Microsoft is trying hard to show people that they are serious about online storage, and I’d say they are doing a darn good job of it. They just updated their SkyDrive online file storage service with numerous new features, but more importantly they bumped up the free storage quota from a mere 5GB to 25GB. While the new limit sounds rather appetizing you should take into consideration that they do restrict individual file sizes to under 50MB. So no, you won’t be able to upload your video library.
Here are some of SkyDrive’s features (new features are highlighted in green):
- Storage: Store up to 25 gigabytes (GB) of photos and files.
- Organization: Arrange your files in top-level folders (A folder that appears in the Documents, Favorites, or Photos sections on the Windows Live SkyDrive home page. Also known as a root folder.) and subfolders (A folder that you create inside a top-level folder.) that you create.
- Control: Choose permissions (A setting that lets you limit who can see and download files from your folders.) for each top-level folder that you create. Keep your photos, files, and favorites in personal folders (Only you can view or edit files in this top-level folder. You can use personal folders to store private files.) so only you can access them; in shared folders (Only you and people that you select can view photos and files in this top-level folder. For each person that you allow to access the top-level folder, you can assign the role of reader or editor.) so you can share them with your Windows Live network, your extended network(The people in your network on Windows Live–your Windows Live Messenger and profile contacts–plus the profile contacts of the people in your network.) , and people on your contact list (A list that contains the name and e-mail address of each of your contacts.) ; or in public folders (Anyone on the Internet can view photos and files in this top-level folder, but only you can edit the photos and files.) so that they can be viewed by anyone on the Internet.
- Flexibility: Upload any photo or file up to 50 megabytes (MB) in size, and move, copy, delete, rename, and caption your photos and files after you upload them. Entire folders can be downloaded as a single ZIP file.
- Display: Photos saved as the JPG, JPEG, GIF, BMP, PNG, TIF, and TIFF file types (A standard way of storing information on a computer by using the last three letters of a file name, known as the file extension, to indicate the file type. Different programs use different file extensions.) display with thumbnail (A miniature version of an image or electronic version of a page that is generally used to allow quick browsing through multiple images or pages.) images, and can be viewed by other users on SkyDrive or in an online slide show, if they have the right permissions to view them.
- Sharing: Share links directly to your folders, files, and photos, or embed your photos and files in your blog (Short for weblog. An online journal. Each entry typically contains personal thoughts and web links, with the newest entries listed first.) or webpage. You can also share files with users who don’t have a Windows Live ID, and they won’t be required to create an account.
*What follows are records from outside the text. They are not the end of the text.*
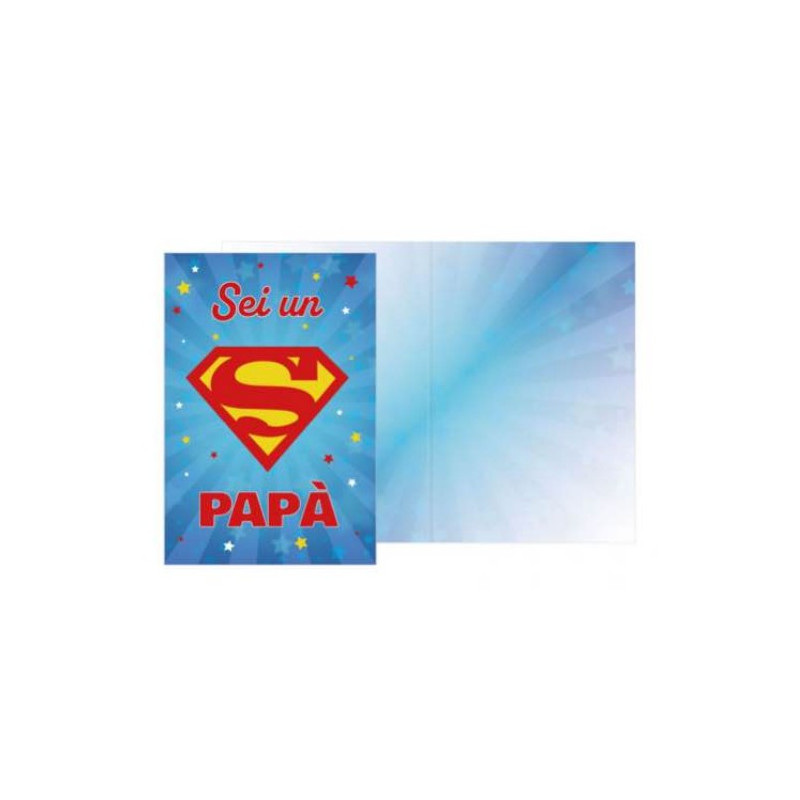 Biglietto auguri per il PAPA' con ciondolo in legno a forma di "S" superman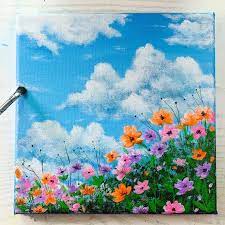 Spring Flower Field Painting With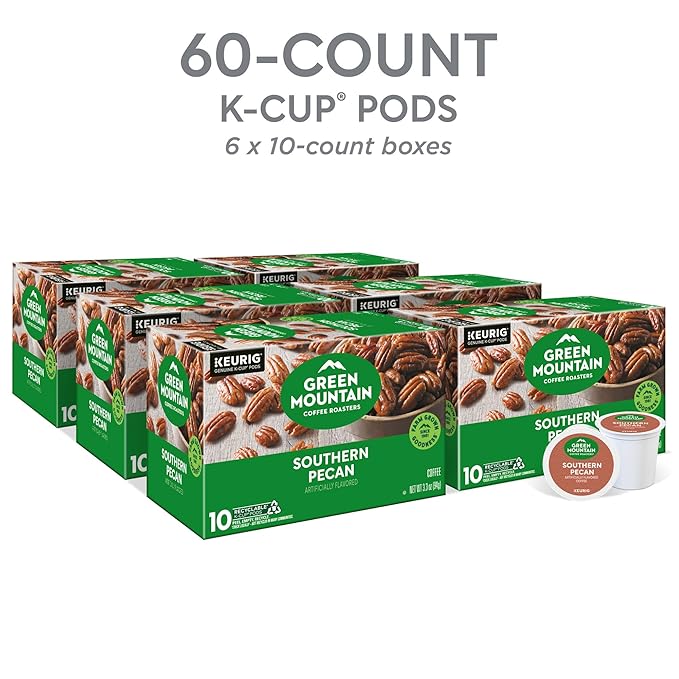 Green Mountain Coffee Roasters Southern Pecan Keurig Single-Serve K-Cup pods, Light Roast Coffee, 60 Count (6 Packs of 10)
The only thing the service lacks is a way for people to bulk upload files and folders through a desktop application. Having to go to the site and upload items one-by-one can get rather frustrating, but I suspect that’s how they are getting away with offering such an enormous amount of free storage. Lifehacker did find a free tool that will let you do just this, but I’d still like to see something come from Microsoft.
You may not agree with me, but I believe SkyDrive could be on the verge of becoming a terrific social network for sharing files. People can upload files and photos that can then be shared with friends, family, and colleagues. I have to give credit where credit is due. I thought for sure Google would beat Microsoft to the punch in terms of online file storage, but they proved me wrong. Bravo!